Should I be myself?

I wrote on my palm, “Be yourself.” Previously, I had on occasion compared myself to others. What would he or she do in this situation? I decided that none of this hypothetical context mattered, and none of it really mattered. Does it really matter that me, and the Russian guy, and the libertarian blonde chick are all using black Pilot V5 pens? Does that say something about who we are? Are we then more similar to each other than to people who use trashy Uniball pens?

I decided no. That’s when I marked up my palm. Be yourself. Do things that you want to do, and ignore what others are doing. But I find it hard.

Today I got a small essay back from the GSI. Not that great grade-wise although I had put a lot of work into it, so I thought about who she was and what she was reading for. I thought about my stylistic tendencies. The essay comprised of discrete questions to be answered, and that I did not present my answers using the same terms of the prompt, I feel, is a stylistic choice. Ever since I finished The Elements of Style I feel that I’ve been reading everything for style.
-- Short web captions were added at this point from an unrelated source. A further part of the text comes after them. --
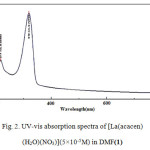 Fig. 2. UV-vis absorption spectra of [La(acacen)(H2O)(NO3)](5×10-5M) in DMF(1)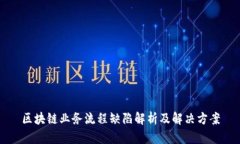 区块链业务流程缺陷解析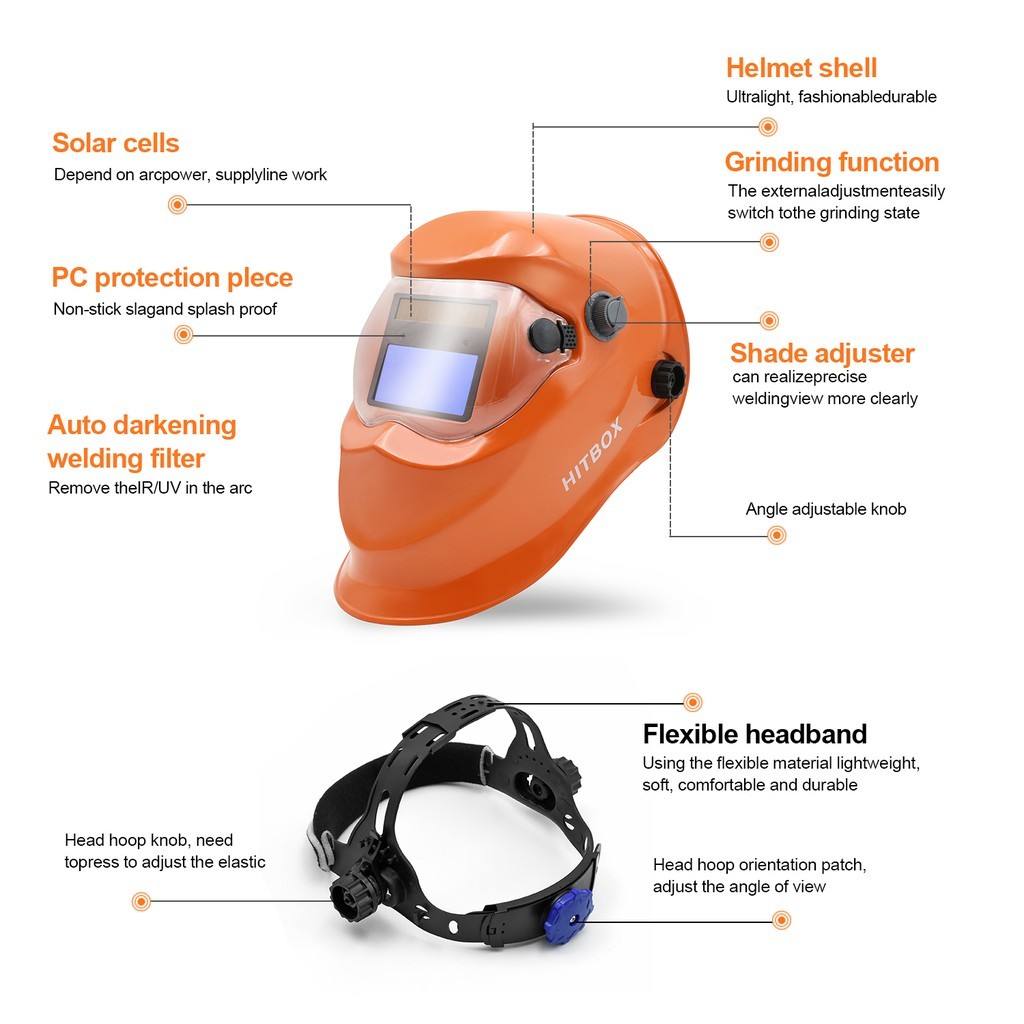 200A AC DC TIG Welder Pulse Aluminium 110V/230V TIG/MMA Welding Machine w/Helmet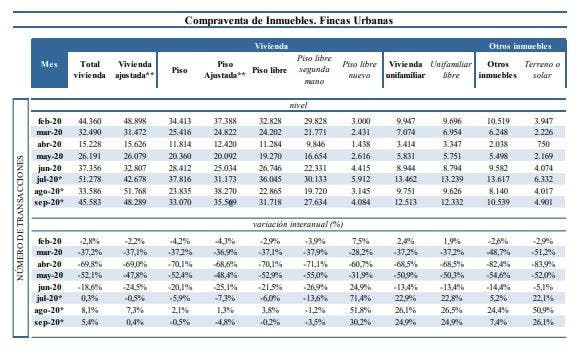 Evolución ventas de inmuebles 2020 (Consejo General del Notariado)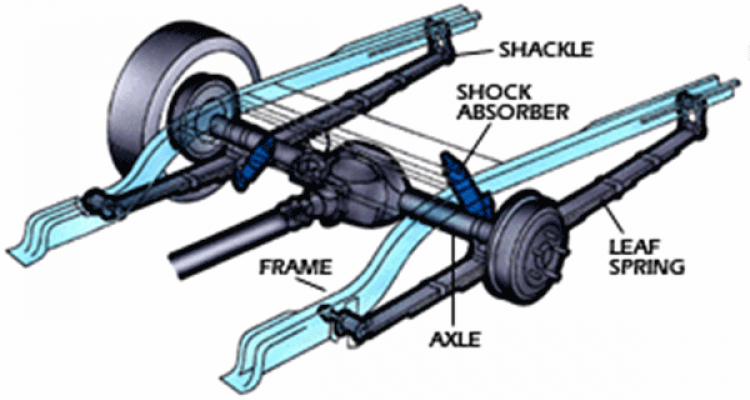 CƠ BẢN HÊ THỐNG TREO( SUSPENSION SYSTEM)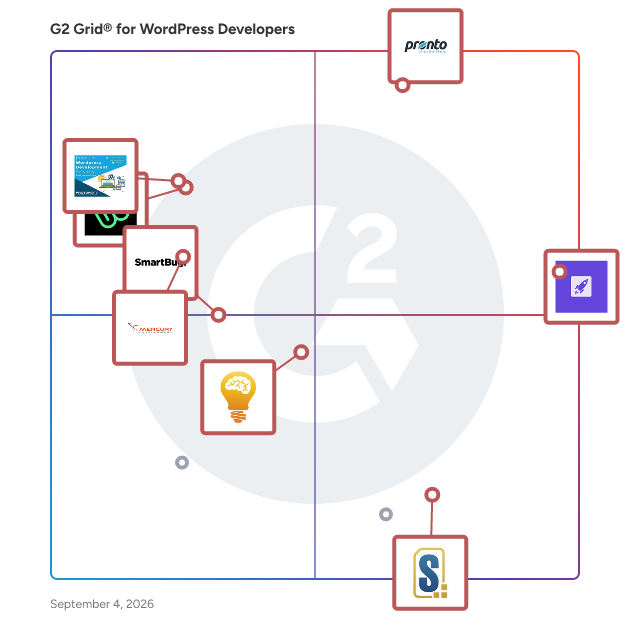G2 Grid® for WordPress Developers plotting products by satisfaction and market presence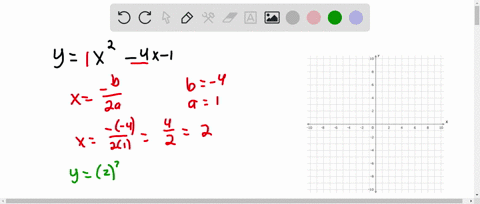 graph-the-parabola-yx24x-1-plot-five-points-on-the-parabola-the-vertex-two-points-to-the-left-of-the-vertex-and-two-points-to-the-right-of-the-vertex-then-click-on-the-graph-a-function-button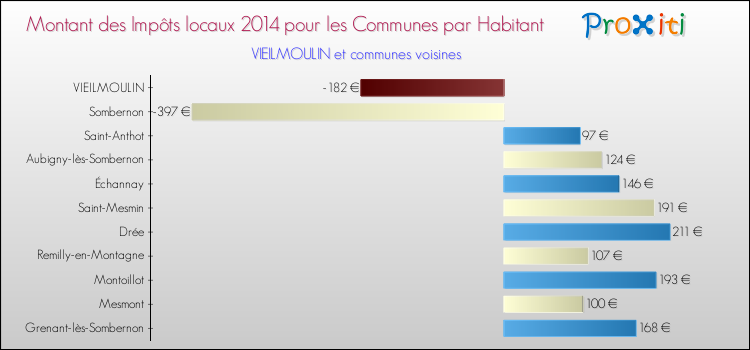 Montant des impôts locaux par Habitant pour VIEILMOULIN et les communes proches en 2014 Comparaison des impôts locaux par habitant pour VIEILMOULIN et les communes voisines en 2014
When I see the construction, “there is” or “there are” my mind immediately goes BZZZZT WRONG.

So, two things have either happened. The hubristic part of me feels that my information is all there, but just packaged into a format that was alien to the GSI, but the meek part of me feels that something is truly missing from my essay that I can’t see. I guess I could go to her office hours and ask her, but I don’t want to be one of those people who complains about his grades.